C. Convert from IPsec tunnels to generic routing encapsulation (GRE) tunnels, for the VPC peering connections.

D. Convert the transit VPC firewalls into an auto-scaling group and launch additional EC2 instances in that group.

An organization deploys a FortiGate-VM (VM04 / c4.xlarge) in Amazon Web Services (AWS) and configures two elastic network interfaces (ENIs). Now, the same organization wants to add additional ENIs to support different workloads in their environment.

Which action can you take to accomplish this?

A. None, you cannot create and add additional ENIs to an existing FortiGate-VM.

B. Create the ENI, shut down FortiGate, attach the ENI to FortiGate, and then start FortiGate.

C. Create the ENI, attach it to FortiGate, and then restart FortiGate.

D. Create the ENI and attach it to FortiGate.

An organization deployed a FortiGate-VM in the Google Cloud Platform and initially configured it with two vNICs. Now, the same organization wants to add additional vNICs to this existing FortiGate-VM to support different workloads in their environment.

How can they do this?

A. They can create additional vNICs using the Cloud Shell.

B. They cannot create and add additional vNICs to an existing FortiGate-VM.
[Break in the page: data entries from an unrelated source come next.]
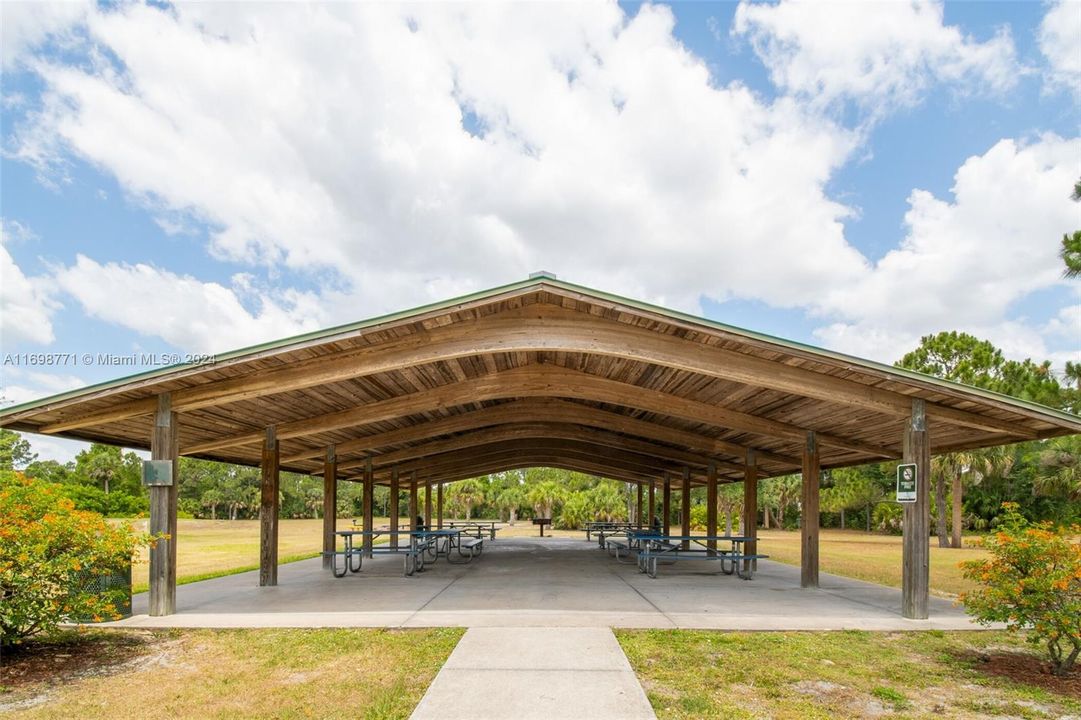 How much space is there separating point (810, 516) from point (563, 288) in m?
6.43

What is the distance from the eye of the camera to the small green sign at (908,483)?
319 inches

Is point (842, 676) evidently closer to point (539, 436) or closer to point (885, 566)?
point (539, 436)

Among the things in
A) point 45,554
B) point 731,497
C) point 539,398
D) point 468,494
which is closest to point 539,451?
point 539,398

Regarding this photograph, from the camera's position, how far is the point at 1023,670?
5.78 metres

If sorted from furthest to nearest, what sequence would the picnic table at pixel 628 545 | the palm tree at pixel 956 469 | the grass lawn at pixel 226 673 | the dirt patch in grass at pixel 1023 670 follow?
the palm tree at pixel 956 469, the picnic table at pixel 628 545, the dirt patch in grass at pixel 1023 670, the grass lawn at pixel 226 673

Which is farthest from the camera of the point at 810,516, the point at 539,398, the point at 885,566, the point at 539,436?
the point at 539,436

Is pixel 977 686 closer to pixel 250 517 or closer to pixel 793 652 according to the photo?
pixel 793 652

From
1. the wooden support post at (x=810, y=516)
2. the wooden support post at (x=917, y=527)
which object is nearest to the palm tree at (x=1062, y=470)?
the wooden support post at (x=810, y=516)

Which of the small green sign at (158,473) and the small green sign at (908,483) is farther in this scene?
the small green sign at (908,483)

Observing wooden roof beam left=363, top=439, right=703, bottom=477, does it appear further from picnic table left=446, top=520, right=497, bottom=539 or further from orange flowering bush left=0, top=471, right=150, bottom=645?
orange flowering bush left=0, top=471, right=150, bottom=645

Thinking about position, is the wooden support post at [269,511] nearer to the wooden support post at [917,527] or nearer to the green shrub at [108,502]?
the wooden support post at [917,527]

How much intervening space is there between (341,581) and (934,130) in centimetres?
1665

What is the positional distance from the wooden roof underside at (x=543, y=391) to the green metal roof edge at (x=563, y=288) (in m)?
0.03

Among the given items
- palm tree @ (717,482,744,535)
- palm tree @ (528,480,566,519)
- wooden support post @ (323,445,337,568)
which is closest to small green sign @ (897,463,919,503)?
wooden support post @ (323,445,337,568) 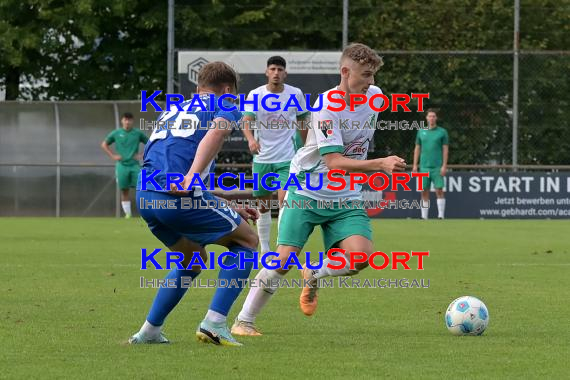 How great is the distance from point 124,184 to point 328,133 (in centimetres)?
1841

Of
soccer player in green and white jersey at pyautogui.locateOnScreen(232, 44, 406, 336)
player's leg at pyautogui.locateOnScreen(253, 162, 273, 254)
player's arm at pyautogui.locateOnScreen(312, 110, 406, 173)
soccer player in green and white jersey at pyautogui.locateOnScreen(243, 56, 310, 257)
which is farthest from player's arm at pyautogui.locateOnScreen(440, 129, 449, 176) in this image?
player's arm at pyautogui.locateOnScreen(312, 110, 406, 173)

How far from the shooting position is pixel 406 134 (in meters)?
28.5

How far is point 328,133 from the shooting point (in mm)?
8516

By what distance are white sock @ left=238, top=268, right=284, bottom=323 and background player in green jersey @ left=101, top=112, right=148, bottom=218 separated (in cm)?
1773

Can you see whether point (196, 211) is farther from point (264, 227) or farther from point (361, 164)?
point (264, 227)

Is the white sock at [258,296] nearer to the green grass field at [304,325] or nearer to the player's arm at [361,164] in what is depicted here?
the green grass field at [304,325]

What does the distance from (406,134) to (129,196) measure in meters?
6.11

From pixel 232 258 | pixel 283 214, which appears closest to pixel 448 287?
pixel 283 214

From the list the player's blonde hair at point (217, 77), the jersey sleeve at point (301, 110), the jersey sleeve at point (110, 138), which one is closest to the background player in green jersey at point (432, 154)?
the jersey sleeve at point (110, 138)

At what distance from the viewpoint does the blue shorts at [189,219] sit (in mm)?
7656

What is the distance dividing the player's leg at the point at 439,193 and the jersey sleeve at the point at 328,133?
712 inches

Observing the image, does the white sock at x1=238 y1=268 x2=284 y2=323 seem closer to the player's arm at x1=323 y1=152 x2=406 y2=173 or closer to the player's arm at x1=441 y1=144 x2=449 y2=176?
the player's arm at x1=323 y1=152 x2=406 y2=173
C. They can create additional vNICs in the UI console.

D. They can use the Compute Engine API Explorer.

You have been asked to develop an Azure Resource Manager infrastructure as a code template for the FortiGate-VM, that can be reused for multiple deployments. The deployment fails, and errors point to the storageAccount name.

Which two are restrictions for a storageAccount name in an Azure Resource Manager template? (Choose two.)

A. The uniqueString() function must be used.

B. The storageAccount name must use special characters.

C. The storageAccount name must be in lowercase.

D. The storageAccount name must contain between 3 and 24 alphanumeric characters.